Now that we have all the ingredients to create embedded stack-based programs and interpret them, we can put this into practise.

program :: ByteCode Value
program = do
  chan1 <- newChan
  chan2 <- newChan
  _ <- fork $ do
    loopN 100000
    litI 1
    send chan1
  _ <- fork $ do
    loopN 100000
    litI 1
    send chan2
  loopN 10
  recv chan1
  recv chan2
  add
  ret

main :: IO ()
main = case runByteCode program of
  Left err -> throw err
  Right res -> putStrLn $ "Result = " <> show res

The following program creates two asynchronous tasks that after a period of time, return the integer 1 through an asynchronous channel. The main program waits for these two asynchronous tasks to finish and outputs the sum of the results of the asynchronous tasks.

Conclusion

In this post, we have introduced free monads and how they can be used to implement embedded domain specific languages. In particular, we have seen how to embed a stack-based language in Haskell. To see other examples of domain specific languages, we refer the reader to the examples of the free package.

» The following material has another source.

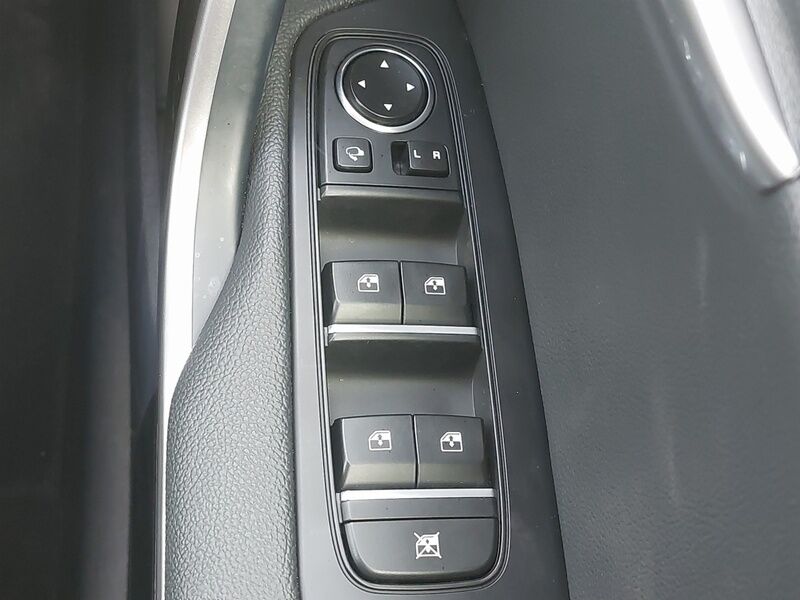 More views of Kia XCeed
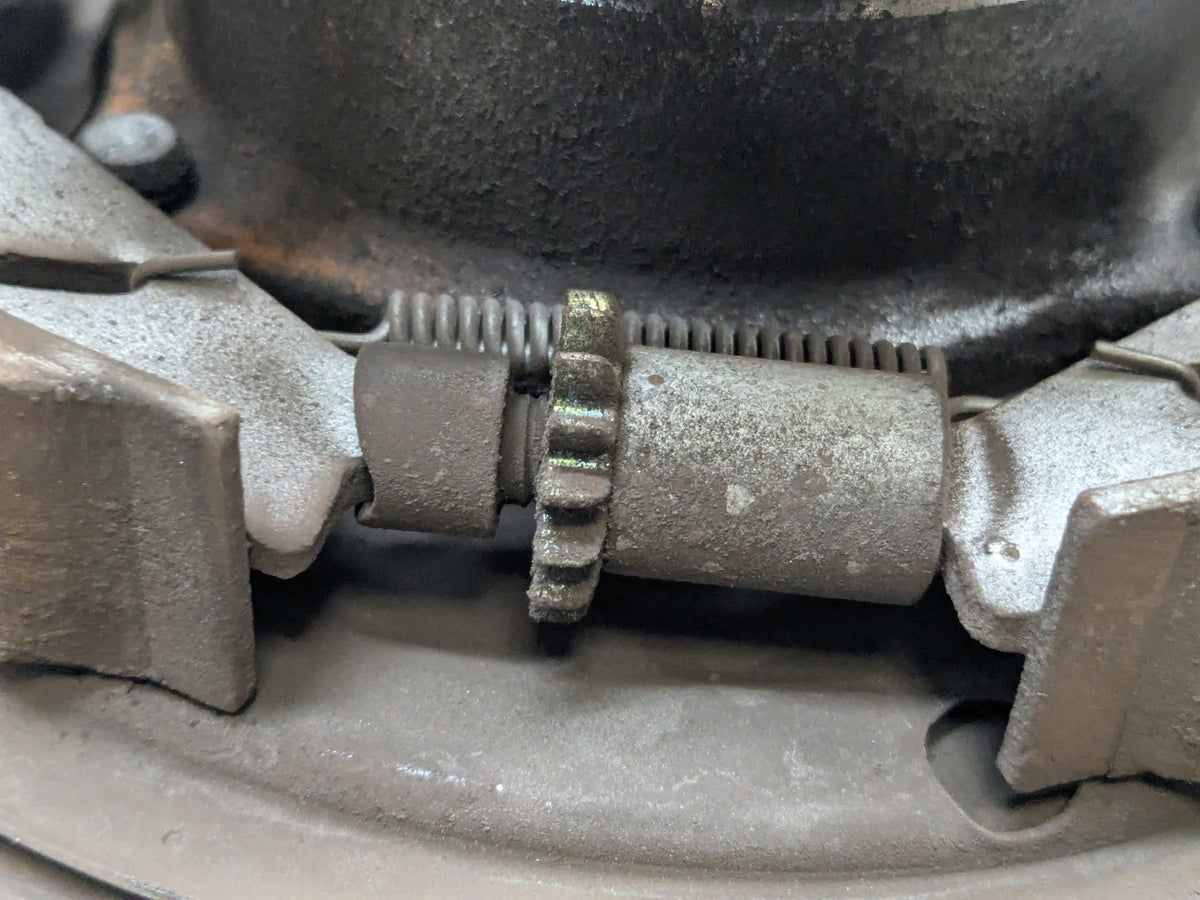 OEM Mercedes W212 E350 E550 Front Right Passenger Hub Knuckle Bearing Carrier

This post only covered a half of the free package. In the next post of this series, we'll explore the other half: church encoding, applicative free, cofree...

1

The term "free" in the context of CT refers to the fact that we have not added structure to the original object. Don't confuse the term with the adjective free: "costing nothing".

2

Pun intended.

3

Technically you are defining an embedded domain specific language (eDSL).

4

The actual signatures use MonadFree which is an mtl-style class that allow us to compose FreeT with other monad transformers. We were able to monomorphize the return value MonadFree f m => m ~ Free ByteCodeF thanks to the instance Functor f => MonadFree f (Free f).